El tiempo pasaba y el patito feo crecía siendo un patito diferente y triste. Ninguno de sus hermanos quería jugar con él.

—No jugaremos contigo porque eres feo —decían.

Todos los otros animales en la granja se burlaban de él:

—¡Patito feo! ¡Patito feo!

Mamá Pato, por otro lado, hacía lo que podía para protegerlo.

—Mi pobre patito, ¿por qué eres tan diferente a los demás? —se preguntaba.

A medida que pasaban los días, el patito feo se sentía peor. Durante toda la noche lloraba en silencio y pensaba que nadie lo quería.

—¿Por qué soy tan feo? ¿Por qué no puedo ser como mis hermanos? —se preguntaba.

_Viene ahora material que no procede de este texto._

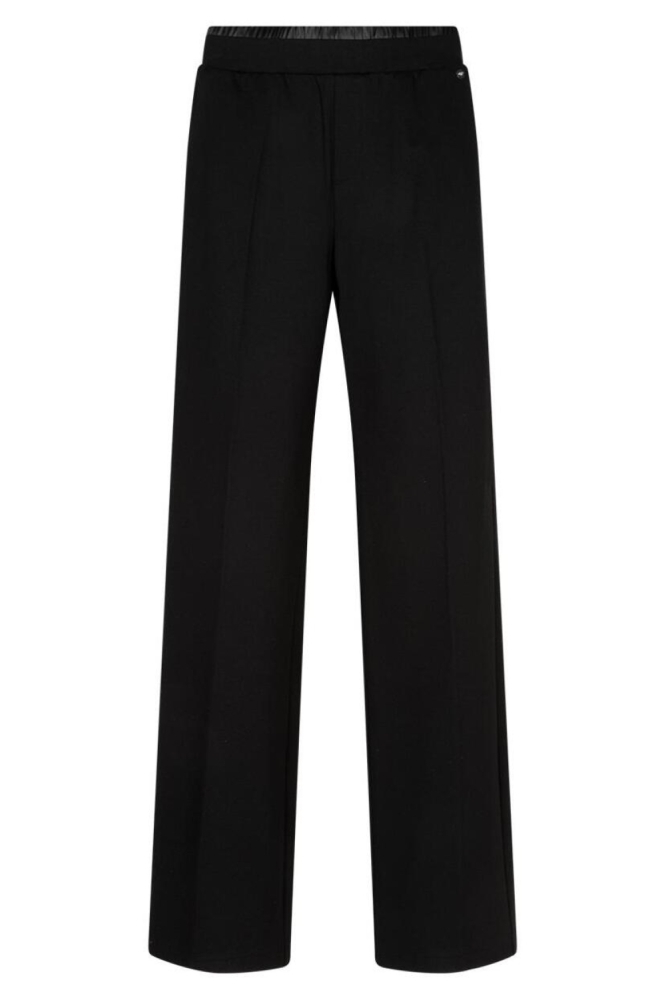 Red Button zwarte dames broek | Vooraanzicht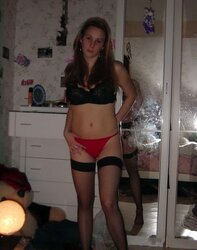 BIG-CHESTED FRENCH TEENAGER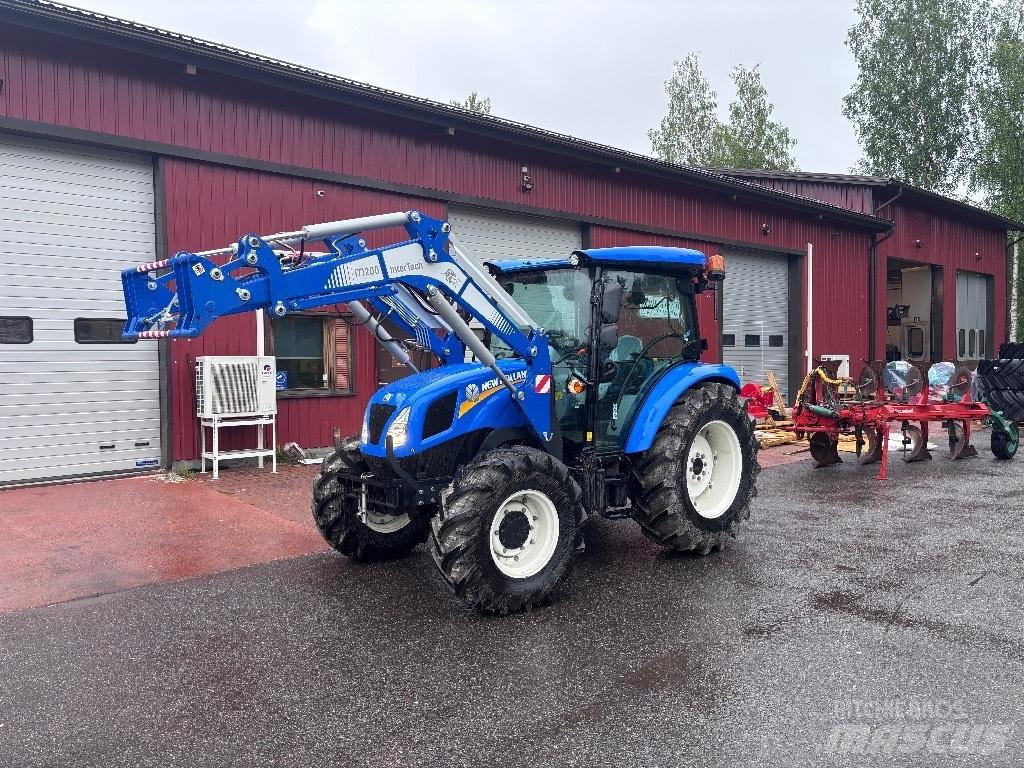 New Holland T 4.75 Traktory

Un día, algunos cazadores se acercaron al lago cerca de donde vivían. Los cazadores comenzaron a cazar a los patos. Mientras mamá Pato buscaba alimento para sus patitos, los cazadores atraparon al pobre patito feo. Sin saber qué había estado pasando, esperó hasta la mañana para que su madre regresara.

El pobre patito feo no sabía qué hacer. Primero fue al lado del perro y el perro le dijo que se fuera:

—Vete, nadie debe verme hablando con un pato tan feo.

Un rato después, fue al lado de la gallina, pero ella también se burló de él.

—¡Incluso yo soy más guapa que tú! —dijo la gallina.

El patito solo estaba muy triste:

—Nadie me quiere aquí. No regreso. No hay absolutamente ninguna razón para quedarme en esta granja.

Esa mañana, el patito feo salió de la granja, nadó al otro lado del lago y le hizo la misma pregunta a todos los animales con los que se cruzó en el camino:

—¿Conoces algún pato que se vea como yo? ¿Conoces algún pato que se vea como yo? ¿Conoces algún pato que se vea como yo?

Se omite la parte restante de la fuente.